Иногда Гэвину кажется, что у Маркуса и Лайджа не занятия, а мучения. После них Лайджа бледный, лоб лоснится, ресницы мокрые, но не жалуется, хотя Гэвин видит, что он на пределе. Как после процедур в Институте. Маркус заставляет его делать жим на гакк-машине. Лайджа сжимает зубы и шипит. Уже после третьего подхода его ноги дрожат, он хватает воздух ртом. После четвертого, когда и руки и ноги начинают ходить ходуном, Маркус останавливает его. Только тогда:

— Терпи, надо через боль. Иначе не получится.

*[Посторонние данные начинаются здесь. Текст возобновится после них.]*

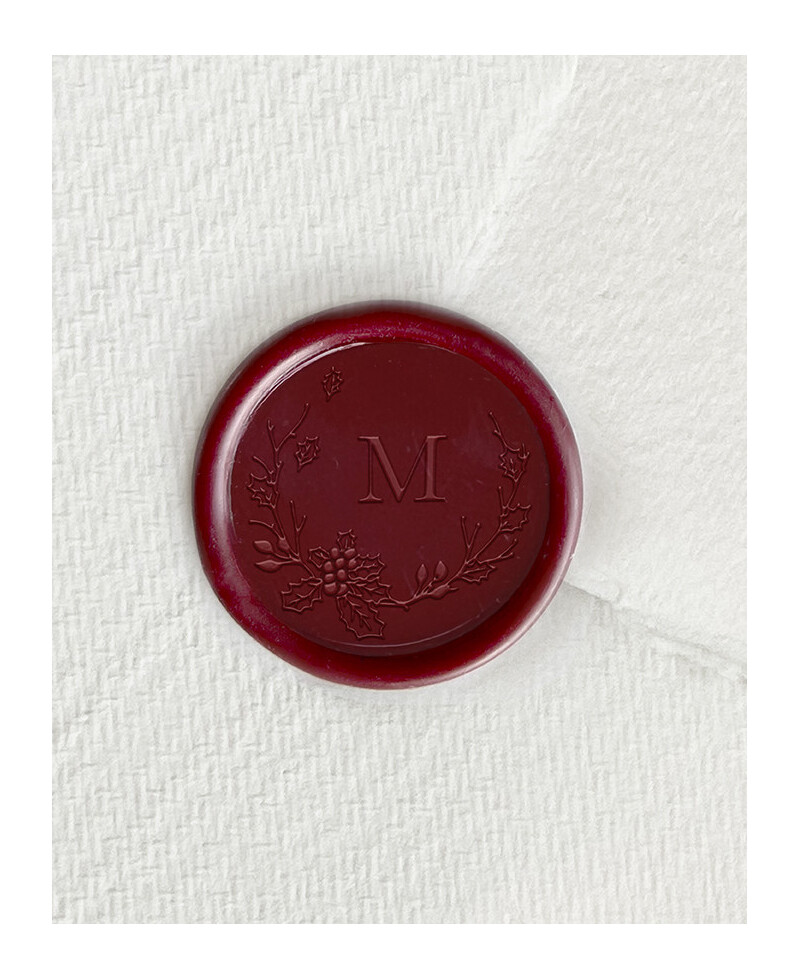 Selagem personalizada da coroa do azevinho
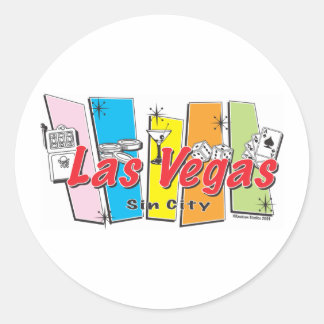 Welcome to Las-Vegas Sin City Classic Round Sticker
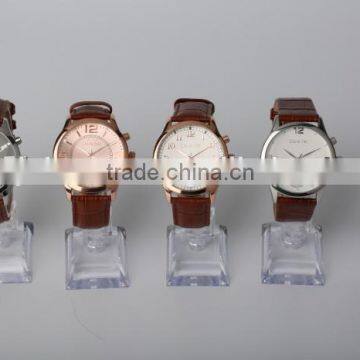 2015 Genuine Leather Quartz Smart Watch With Sleep Monitor , Heart Rate Monitor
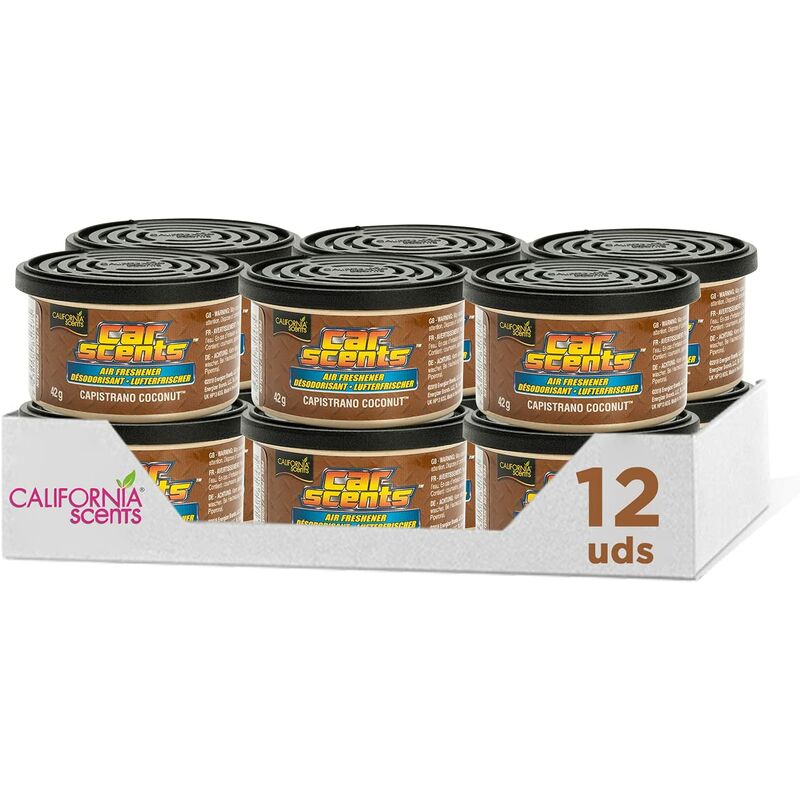 California Car Scents - Ambientador de Coche Olor a Capiscrano Coconut (Coco) - PACK 12
California Car Scents - Ambientador de Coche Olor a Capiscrano Coconut (Coco) - PACK 12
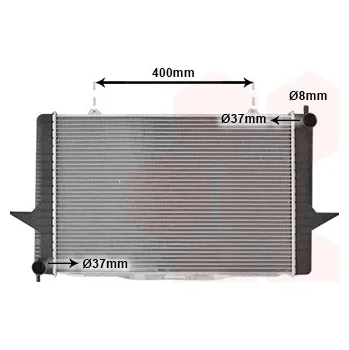 Chladič motoru Chladič, chlazení motoru VAN WEZEL 59002148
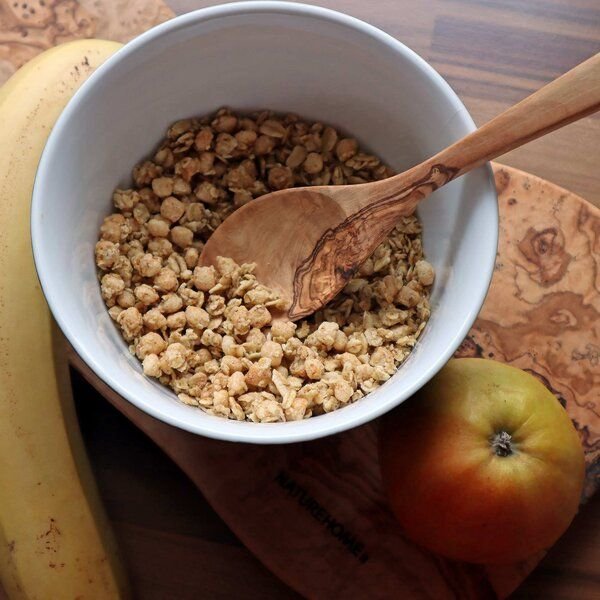 NATUREHOME Esslöffel Kochlöffel Hollöffel aus echtem Olivenholz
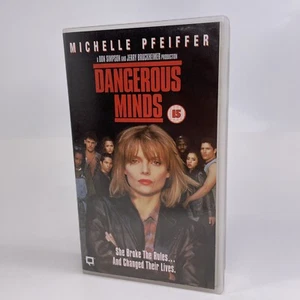 Dangerous Minds (VHS, 1995) Clam Shell, Michelle Pfeiffer, George Dzundza - Picture 1 of 9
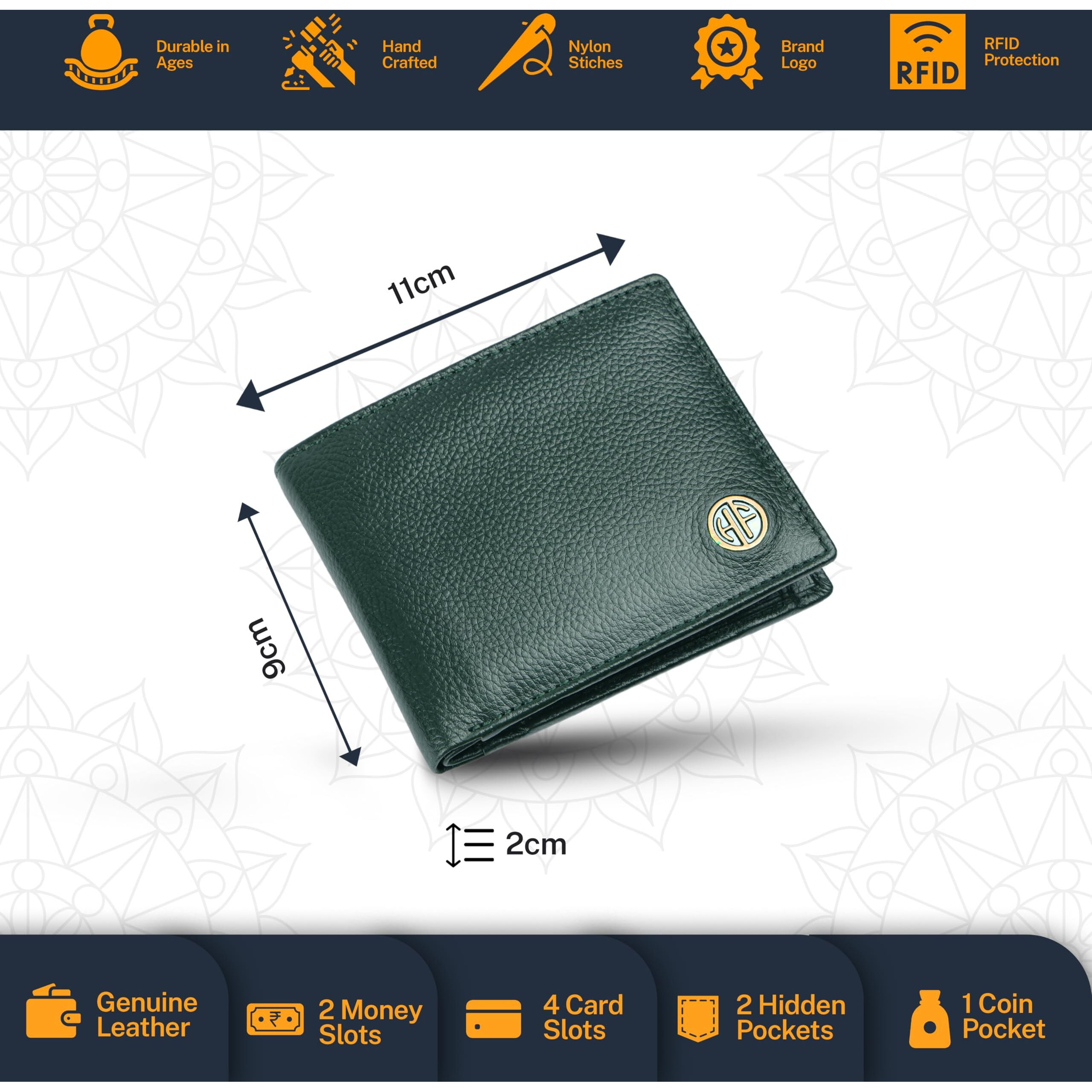Hammonds Flycatcher Leather Wallet Combo Gift Set - Valentine Gift For Boyfriend And Girlfriend - Men's And Women's Wallets With Multiple Card Slots - Couple Gifts For Anniversary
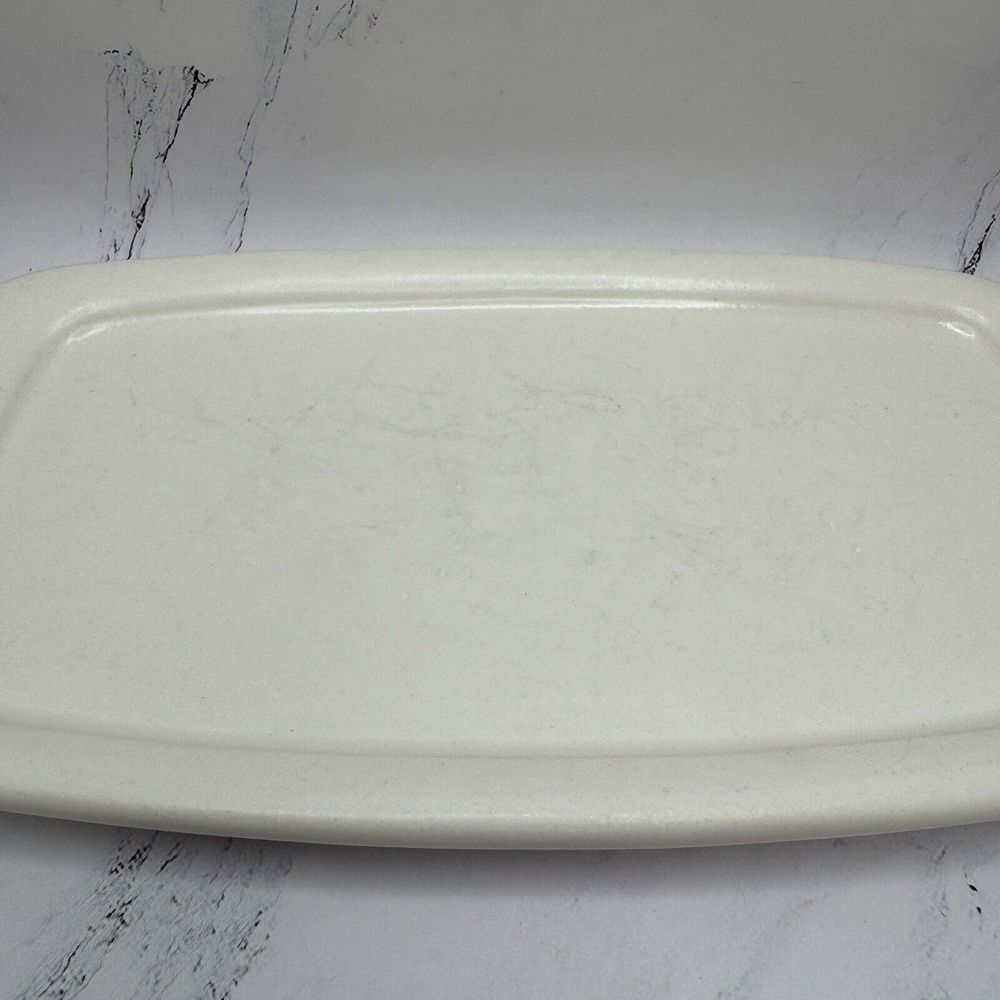 TAOS TREASURE CRAFT BUTTER DISH Southwest Adobe Stone Ware Made In The USA - Picture 3 of 12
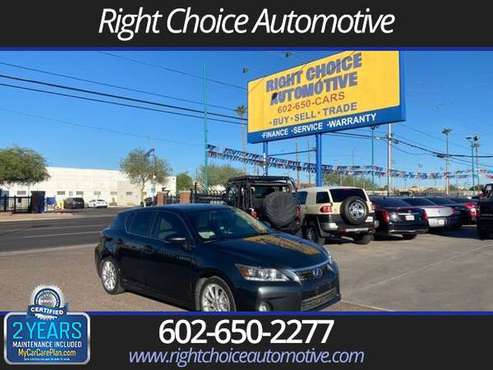 2011 Lexus CT200H, CLEAN CARFAX CERTIFIED, LOW MILES! - cars &... for sale in Phoenix, AZ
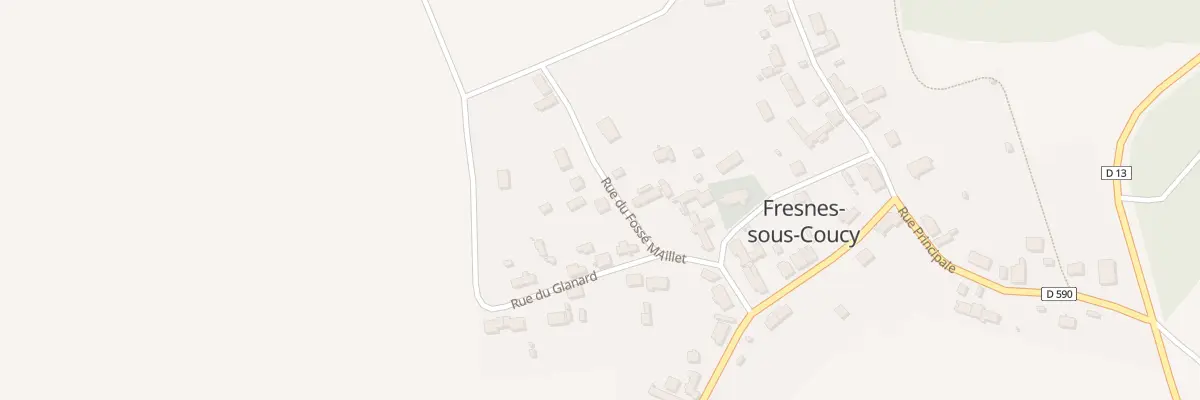 Plan du 1 Rue du Fossé Maillet à Fresnes-sous-Coucy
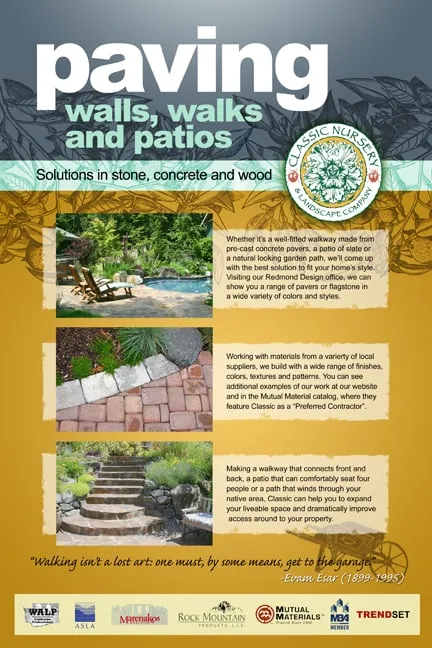 Top-rated residential landscaping in Woodinville, WA by Classic Landscaping + Nursery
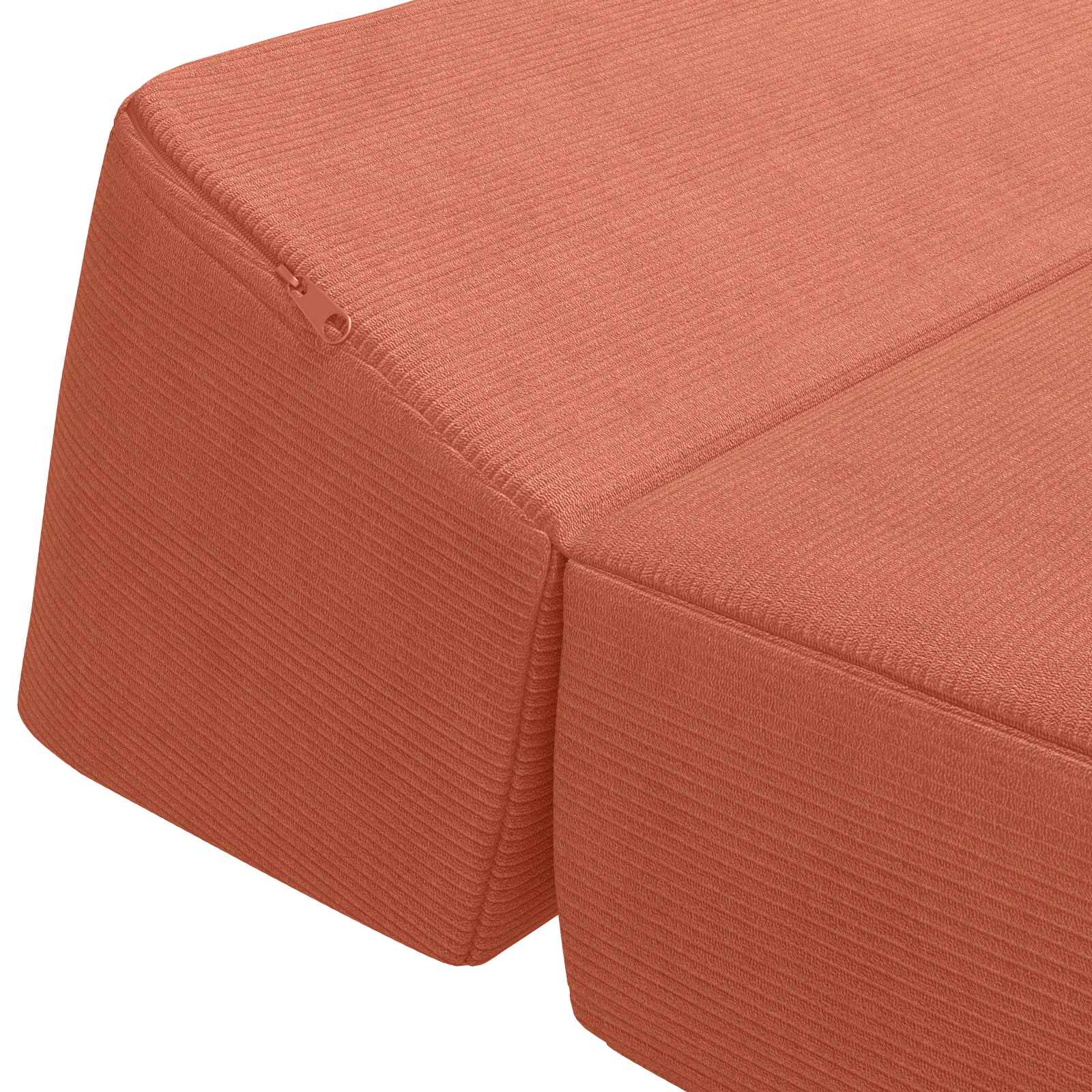 Klappsofa Bett Rot-Orange 60 x 70 x 41 cm Stoff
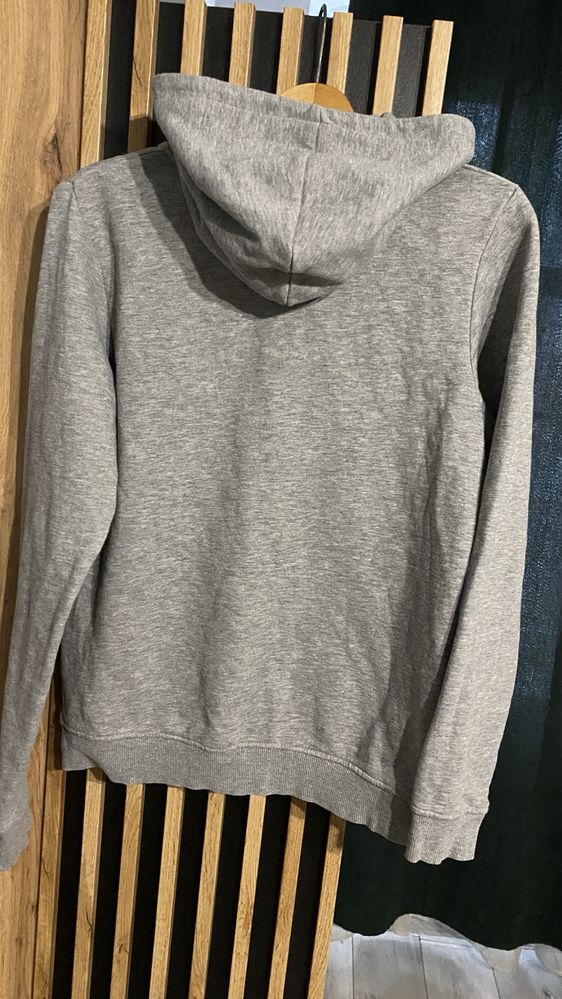 Bluza Jack&Jones S damska szara bawełna/wiskoza kaptur, kieszenie
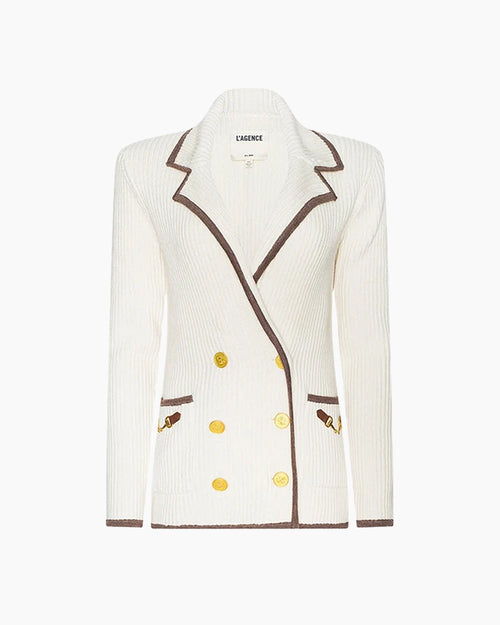 RANCH KNIT BLAZER / IVORY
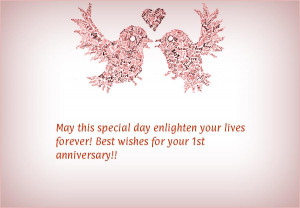 ... enlighten your lives forever! Best wishes for your 1st anniversary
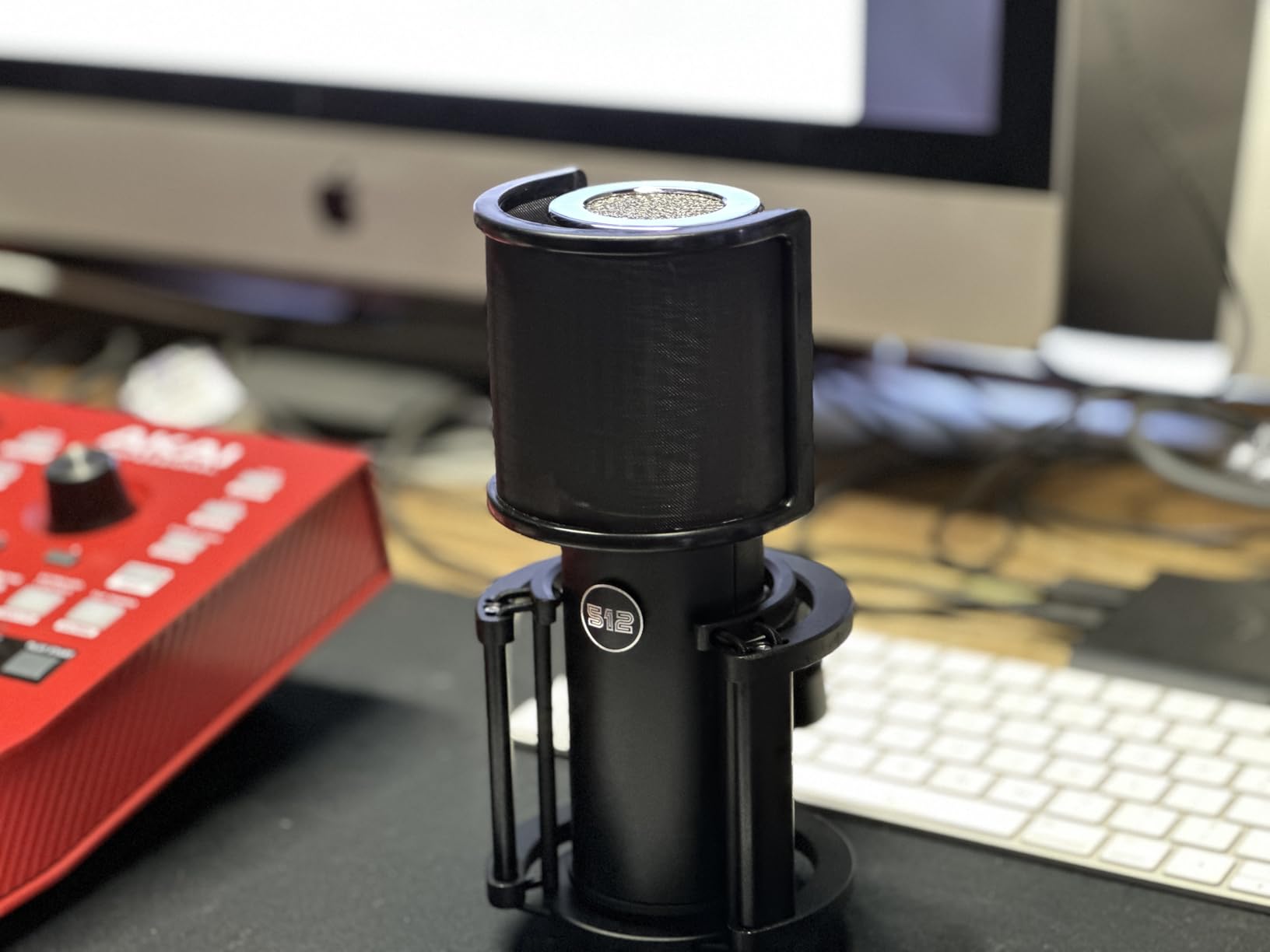 512 Audio by Warm Audio Skylight Large Diaphragm Studio Condenser XLR Microphone + Shock Mount + Bag for Recording and Podcasting customer photo 2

Гэвин как-будто терпит сам, сжимает кулаки и впивается ногтями в кожу. Ему тоже тяжело и хочется хватать воздух ртом, но он не уходит и не жалеет брата. Жалеть — не выход. В Институте мучили мозг. Маркус мучает тело. Пусть. Если Маркус говорит, что так надо — значит надо. Он смотрит, чувствует, переживает и понимает, что ему нравится быть рядом с ними. Он чувствует, как что-то сильное соединяет их троих в одно большое «мы». И это важно. Он не сильно задумывается почему. Важно, и все тут. Просто, когда они все вместе, его накрывает каждый раз эмоциями, новыми и сильными. Он в них не разбирается, но хочет испытывать их снова и снова, разделить равноправно на троих радость, которой пропитана атмосфера спортзала.